At the beginning of this year, I decided to retire at the end of it (December 31). That means I'll close my business, and it will no longer exist. Most people with whom I deal have already been notified. Both my wife and I are looking forward to this, and hope to be able to do some more travel, and follow our other interests.

In 2002, our family arranged for a memorial bench for my mother, who had died a year earlier. The period for the dedicated bench lasts ten years, and can be renewed every ten years after that. So, we renewed the dedication, and had the memorial plaque on it redone to reflect the death of our son over two years ago. For the two of us, this is bittersweet. Here are a couple of pictures:

Our son Derek at my mother's bench in 2002

The new plaque, commemorating Derek

Thinking of Derek

Life goes on. We are glad to have Derek's and Airdrie's two daughters next door; he lives on in them.

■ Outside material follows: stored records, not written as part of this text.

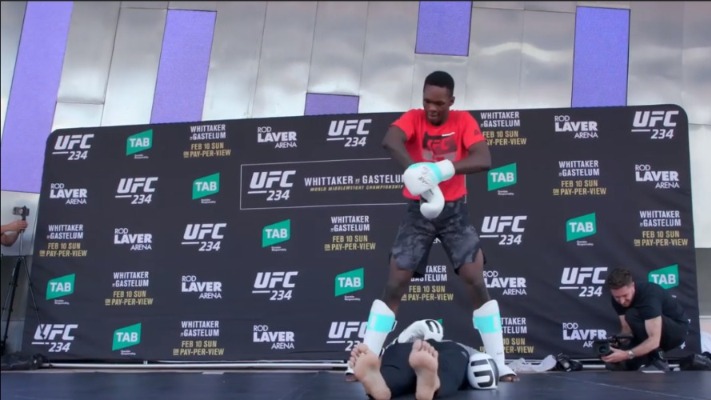 Israel Adesanya Performs Pro Wrestling Finishers During UFC 234 Open Workout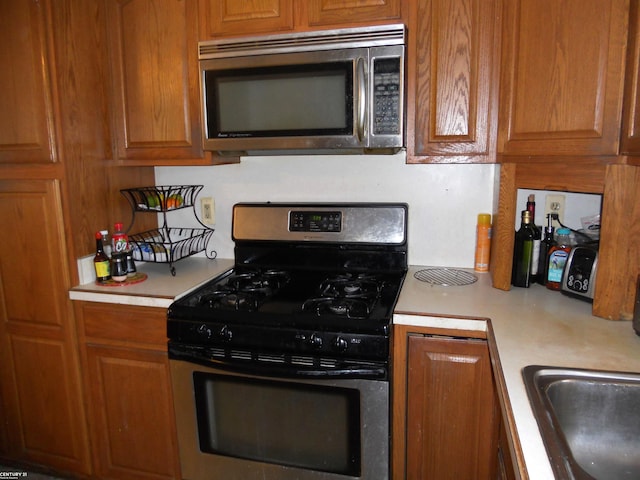 kitchen with brown cabinetry, stainless steel appliances, and light countertops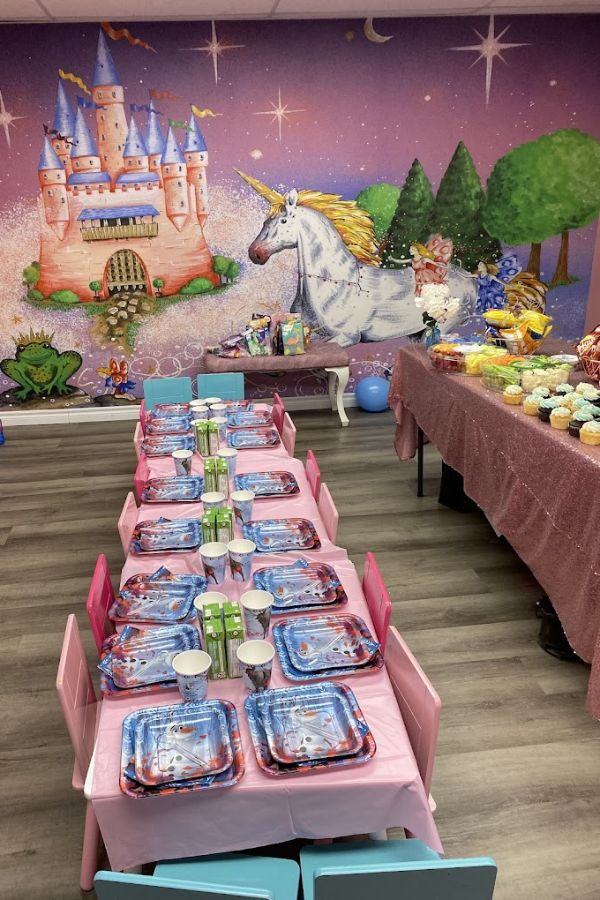 Princess Castle Wallpaper, as seen on the wall at Playtown Niagara behind birthday party tables, is a children’s wall mural of a pink castle and white unicorn from About Murals.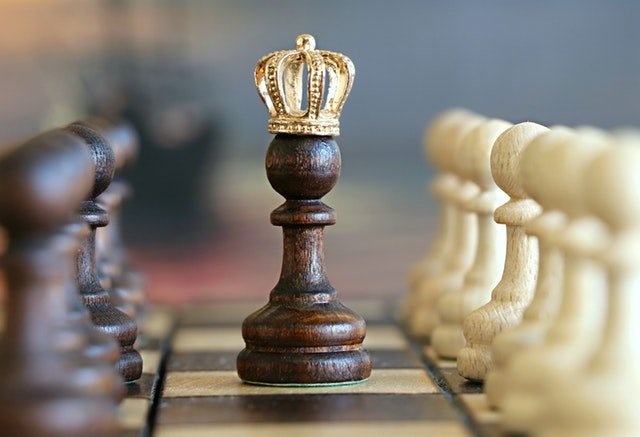 Bild von Schachfiguren auf einem Schachbrett, von denen eine eine Krone trägt, was markiert, welche Lernstrategie die beste ist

Wednesday, August 21, 2013

A nice summer

We've been rather busy travelling in the last month. Beside the previously mentioned visit to Saltspring Island, we visited a good, long-time friend in Chico, California, and attended a wedding in San Ramon, east of San Francisco. We also took time driving and wine tasting in the Napa and Sonoma valleys.  Wine tasting in California is an expensive proposition these days, each winery charges twenty or thirty dollars for a wine tasting tour consisting of about five samples of wine. I think some part of these fees is imposed by the state of California; I recall reading about the budgetary problems they are having. So, soak the tourists.

A driving visit to the somewhat bleak Crescent City area, and a spectacular visit to, and including a tour of the Oregon caves were other interesting events.

The traces of the economic recession seemed still evident to us. Crescent City showed little activity during our admittedly short stopover.  In Napa City we found many of the tourist-brochure-advertised places shuttered and empty. With the recent upswing in the US economy, we hope that things will improve for everyone soon.

The wedding itself took place in San Ramon, California. The groom was our son's boyhood friend. He visited us a couple of years ago to pay his condolences regarding our son's death. We were surprised and honoured by the wedding invitation and certainly wanted to represent our son on that occasion.

The venue was the Blackhawk Museum in Danville, California. The ceremony itself took place in the open plaza in front; the reception inside. Since the groom is of Chinese ancestry, and the bride French; it was a delightfully mixed theme, with elements of both Chinese and European character.

The museum itself is exhibiting antique, prototype automobiles, dating from about 1870 to 1970. All cars are originals, and belong to the collection of one private owner. Needless to say, they were all in pristine condition. An area on the museum floor had been cleared to accommodate the guests and wedding party, and for dancing.  A few pictures:







It was certainly an original, and unique wedding.

Since the weather here at home was wonderful, we felt as though our vacation continued after we came back. We had our usual happy hour (a glass or two of red wine) every day on our back porch, with temperatures reminiscent of California.

A nice, summery July and early August...


Saturday, July 20, 2013

A close paradise

Last week, we spent a few days with good friends on Saltspring Island. They have a wonderful house located near the top of a ridge, overlooking the waterways between some of the Gulf Islands.

They are great cooks, so we had some excellent meals. There were only the four of us - it was a "cozy" visit.

I took my Celestron C-8 telescope along, and, since the weather co-operated, we had a great view of the planet Saturn with its rings and moons, globular and open star clusters, and much more. The sky in the area is relatively free of light pollution, even though the "light domes" of Vancouver to the east and Victoria to the south were noticeable.

The ferry trips themselves were like "microcruises"; we tend forget how beautiful BC is - a paradise close by.